Saturday, January 18, 2014

I Ain't One To Gossip But ....

Wow, talk about stupidity. During Sunday night’s Golden Globes Red Carpet showstravaganza, the E! channel decided to share what they dubbed ’Fun Facts’ about some of the celebs on the carpet.

Good idea? Could have been except … Some idiot at E! felt that a real ‘fun fact’ to include would be about Michael J. Fox’s diagnosis with Parkinson’s Disease.

I don’t think any right-minded person would think of that as a fun fact, which means there are no right-minded people at E!

But anyway, here’s their apology:
“We regret the insensitive classification of Michael J Fox’s Parkinson’s diagnosis during our E! Online live stream.

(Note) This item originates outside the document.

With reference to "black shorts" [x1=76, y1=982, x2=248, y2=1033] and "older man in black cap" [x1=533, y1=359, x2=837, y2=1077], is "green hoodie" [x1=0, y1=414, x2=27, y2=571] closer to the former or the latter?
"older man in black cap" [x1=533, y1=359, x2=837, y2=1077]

We understand the serious nature of the disease and sincerely apologize.”
So, they’re just sorry they called it a ‘Fun Fact’ I guess, and sorry they got caught.
So Shia LaDouche LaBeouf is facing a lawsuit from comic book artist Daniel Crowe for basically stealing one of Crowe’s short stories and turning it into a film Shia said he wrote.

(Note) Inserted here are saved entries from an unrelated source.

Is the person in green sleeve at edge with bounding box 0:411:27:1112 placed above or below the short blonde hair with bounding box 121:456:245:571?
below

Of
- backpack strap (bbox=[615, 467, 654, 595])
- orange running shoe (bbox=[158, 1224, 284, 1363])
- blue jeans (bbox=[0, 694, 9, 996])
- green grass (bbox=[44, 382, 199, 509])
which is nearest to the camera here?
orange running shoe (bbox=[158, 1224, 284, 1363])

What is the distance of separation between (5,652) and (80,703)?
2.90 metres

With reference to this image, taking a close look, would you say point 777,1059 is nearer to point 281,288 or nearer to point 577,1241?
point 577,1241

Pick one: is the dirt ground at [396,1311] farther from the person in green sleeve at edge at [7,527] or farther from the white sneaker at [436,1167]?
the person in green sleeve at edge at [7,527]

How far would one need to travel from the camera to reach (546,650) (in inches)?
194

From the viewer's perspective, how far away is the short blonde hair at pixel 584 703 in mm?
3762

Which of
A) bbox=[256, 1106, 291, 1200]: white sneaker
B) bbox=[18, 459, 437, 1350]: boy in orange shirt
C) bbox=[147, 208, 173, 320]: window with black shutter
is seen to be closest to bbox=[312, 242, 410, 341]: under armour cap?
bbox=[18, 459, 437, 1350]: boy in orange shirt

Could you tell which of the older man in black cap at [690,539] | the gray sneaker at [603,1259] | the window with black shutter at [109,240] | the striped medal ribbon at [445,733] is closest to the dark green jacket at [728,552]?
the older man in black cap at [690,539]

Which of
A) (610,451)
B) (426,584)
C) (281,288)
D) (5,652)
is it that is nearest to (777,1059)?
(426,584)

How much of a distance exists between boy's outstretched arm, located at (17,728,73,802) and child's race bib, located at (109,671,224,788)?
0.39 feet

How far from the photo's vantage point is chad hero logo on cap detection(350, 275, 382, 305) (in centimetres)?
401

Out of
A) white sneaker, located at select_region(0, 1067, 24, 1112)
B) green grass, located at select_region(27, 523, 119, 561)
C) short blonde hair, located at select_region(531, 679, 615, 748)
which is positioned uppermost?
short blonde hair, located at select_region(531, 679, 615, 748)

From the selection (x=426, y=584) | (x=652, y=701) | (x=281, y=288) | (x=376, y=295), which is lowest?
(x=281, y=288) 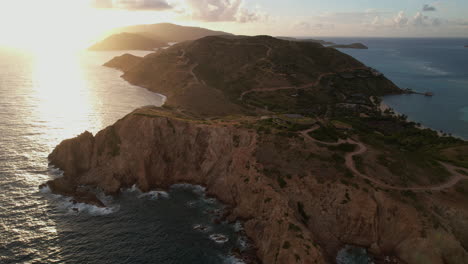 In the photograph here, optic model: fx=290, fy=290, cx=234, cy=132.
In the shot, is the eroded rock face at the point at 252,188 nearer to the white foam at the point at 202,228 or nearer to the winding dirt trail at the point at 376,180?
the winding dirt trail at the point at 376,180

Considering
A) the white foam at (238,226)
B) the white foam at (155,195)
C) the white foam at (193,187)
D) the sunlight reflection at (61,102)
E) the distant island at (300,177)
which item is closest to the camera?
the distant island at (300,177)

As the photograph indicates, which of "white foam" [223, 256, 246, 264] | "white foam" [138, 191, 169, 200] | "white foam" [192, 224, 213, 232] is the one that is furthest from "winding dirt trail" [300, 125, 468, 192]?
"white foam" [138, 191, 169, 200]

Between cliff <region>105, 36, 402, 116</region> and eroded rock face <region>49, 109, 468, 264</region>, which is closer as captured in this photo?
eroded rock face <region>49, 109, 468, 264</region>

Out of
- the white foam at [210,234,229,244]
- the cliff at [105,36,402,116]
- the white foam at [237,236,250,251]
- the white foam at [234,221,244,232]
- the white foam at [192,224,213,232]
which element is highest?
the cliff at [105,36,402,116]

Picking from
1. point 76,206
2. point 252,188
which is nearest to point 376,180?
point 252,188

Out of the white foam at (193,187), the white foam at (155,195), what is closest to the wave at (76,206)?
the white foam at (155,195)

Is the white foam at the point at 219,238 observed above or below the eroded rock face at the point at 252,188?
below

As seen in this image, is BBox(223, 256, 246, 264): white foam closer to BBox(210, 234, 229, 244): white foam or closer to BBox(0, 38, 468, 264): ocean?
BBox(0, 38, 468, 264): ocean

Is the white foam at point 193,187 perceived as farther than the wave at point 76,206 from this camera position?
Yes

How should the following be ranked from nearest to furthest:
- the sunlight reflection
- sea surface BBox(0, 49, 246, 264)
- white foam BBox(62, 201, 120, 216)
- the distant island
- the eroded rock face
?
sea surface BBox(0, 49, 246, 264)
the eroded rock face
the distant island
white foam BBox(62, 201, 120, 216)
the sunlight reflection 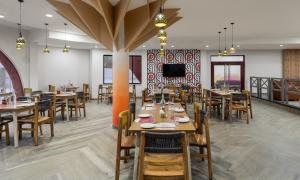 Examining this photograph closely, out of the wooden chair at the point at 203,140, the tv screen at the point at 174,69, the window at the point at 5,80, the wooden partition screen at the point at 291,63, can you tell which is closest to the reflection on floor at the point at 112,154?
the wooden chair at the point at 203,140

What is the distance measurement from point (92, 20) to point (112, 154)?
3.46 m

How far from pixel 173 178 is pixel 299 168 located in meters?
2.49

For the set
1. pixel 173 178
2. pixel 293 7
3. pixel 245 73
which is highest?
pixel 293 7

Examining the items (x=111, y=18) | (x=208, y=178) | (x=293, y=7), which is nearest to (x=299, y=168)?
(x=208, y=178)

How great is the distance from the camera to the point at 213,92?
27.3 feet

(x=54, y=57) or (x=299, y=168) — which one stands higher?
(x=54, y=57)

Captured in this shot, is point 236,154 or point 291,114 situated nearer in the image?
point 236,154

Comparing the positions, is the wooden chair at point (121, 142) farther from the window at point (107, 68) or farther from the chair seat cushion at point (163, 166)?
the window at point (107, 68)

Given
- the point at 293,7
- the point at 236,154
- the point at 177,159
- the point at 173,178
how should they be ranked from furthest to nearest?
the point at 293,7
the point at 236,154
the point at 177,159
the point at 173,178

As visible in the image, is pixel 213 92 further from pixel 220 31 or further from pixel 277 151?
pixel 277 151

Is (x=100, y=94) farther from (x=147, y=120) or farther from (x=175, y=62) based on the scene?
(x=147, y=120)

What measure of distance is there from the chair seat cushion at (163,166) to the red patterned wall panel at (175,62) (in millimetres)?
11086

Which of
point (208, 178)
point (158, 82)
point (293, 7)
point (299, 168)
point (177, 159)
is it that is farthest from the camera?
point (158, 82)

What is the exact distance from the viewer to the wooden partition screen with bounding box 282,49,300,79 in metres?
13.9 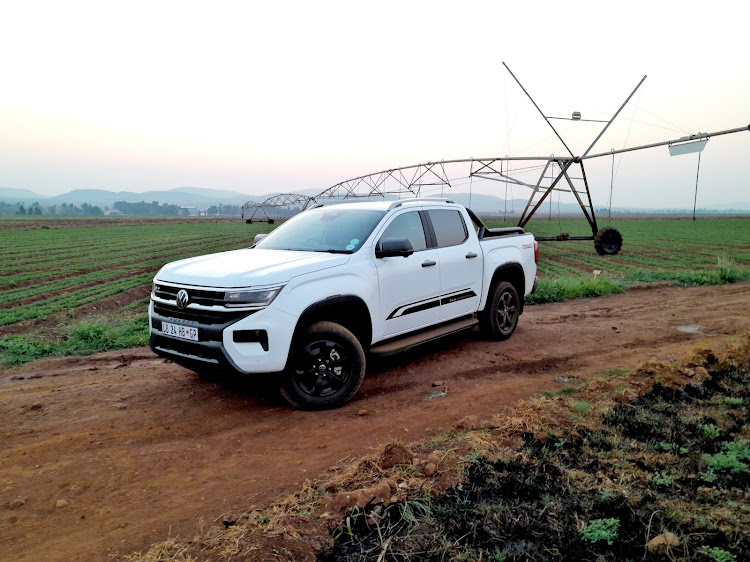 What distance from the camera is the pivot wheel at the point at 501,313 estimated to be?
735 cm

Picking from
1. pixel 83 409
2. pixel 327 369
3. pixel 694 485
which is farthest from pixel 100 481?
pixel 694 485

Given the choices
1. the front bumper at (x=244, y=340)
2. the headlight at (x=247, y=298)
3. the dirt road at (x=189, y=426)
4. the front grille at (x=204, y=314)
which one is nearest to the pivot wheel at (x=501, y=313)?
the dirt road at (x=189, y=426)

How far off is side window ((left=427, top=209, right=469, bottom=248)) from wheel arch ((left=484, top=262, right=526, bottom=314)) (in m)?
0.90

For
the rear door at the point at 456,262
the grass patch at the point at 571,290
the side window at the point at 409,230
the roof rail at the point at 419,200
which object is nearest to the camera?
the side window at the point at 409,230

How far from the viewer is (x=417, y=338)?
586 cm

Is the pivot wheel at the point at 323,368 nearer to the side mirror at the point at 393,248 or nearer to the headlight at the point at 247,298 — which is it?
the headlight at the point at 247,298

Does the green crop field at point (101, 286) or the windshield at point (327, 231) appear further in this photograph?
the green crop field at point (101, 286)

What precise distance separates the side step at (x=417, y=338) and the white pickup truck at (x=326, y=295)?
0.06 feet

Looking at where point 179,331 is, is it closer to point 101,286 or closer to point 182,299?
point 182,299

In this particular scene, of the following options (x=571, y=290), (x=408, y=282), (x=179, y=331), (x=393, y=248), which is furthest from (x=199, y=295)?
(x=571, y=290)

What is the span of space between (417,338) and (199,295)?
250 cm

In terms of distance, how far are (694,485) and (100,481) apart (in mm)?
3946

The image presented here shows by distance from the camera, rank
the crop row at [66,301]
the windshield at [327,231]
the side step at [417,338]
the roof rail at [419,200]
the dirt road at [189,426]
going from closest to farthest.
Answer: the dirt road at [189,426]
the side step at [417,338]
the windshield at [327,231]
the roof rail at [419,200]
the crop row at [66,301]

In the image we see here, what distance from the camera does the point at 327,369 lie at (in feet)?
16.0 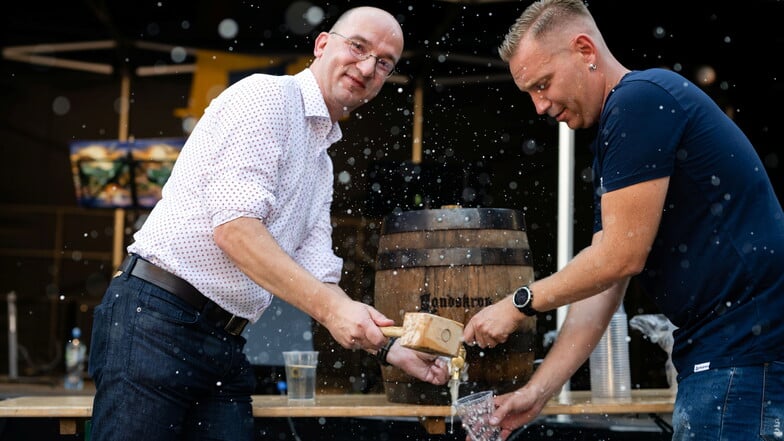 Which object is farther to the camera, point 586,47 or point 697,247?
point 586,47

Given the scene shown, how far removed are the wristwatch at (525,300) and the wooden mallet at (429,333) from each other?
170mm

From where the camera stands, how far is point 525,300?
243 centimetres

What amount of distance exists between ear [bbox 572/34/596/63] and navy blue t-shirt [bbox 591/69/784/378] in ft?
0.62

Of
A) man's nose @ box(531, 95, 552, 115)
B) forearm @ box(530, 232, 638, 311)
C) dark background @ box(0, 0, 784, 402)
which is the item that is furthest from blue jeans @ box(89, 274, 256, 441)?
dark background @ box(0, 0, 784, 402)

And now, after he copied and pasted an apology to Crowe — no, seriously, he found an apology online and copied it and pasted it into a Tweet to Crowe apologizing for stealing his work — Shia has decided to announce that he is done creating.

And by creating, I’m guessing he means stealing?
So Hilary Duff — who had a career for a hot second about ten years back — is splitting up with her husband of three years, and baby daddy, Mike Comrie.

That’s not news. The news is Why? I mean, despite the upcoming divorce, Duff and Comrie are said to be the best of friends, with Duff even Tweeting:
‘Mike and I are sitting here, we are so appreciative for all of your kindness & well wishes. Not an easy day but we’re getting thru it together’
Um, divorce means to separate, right? Not stay together?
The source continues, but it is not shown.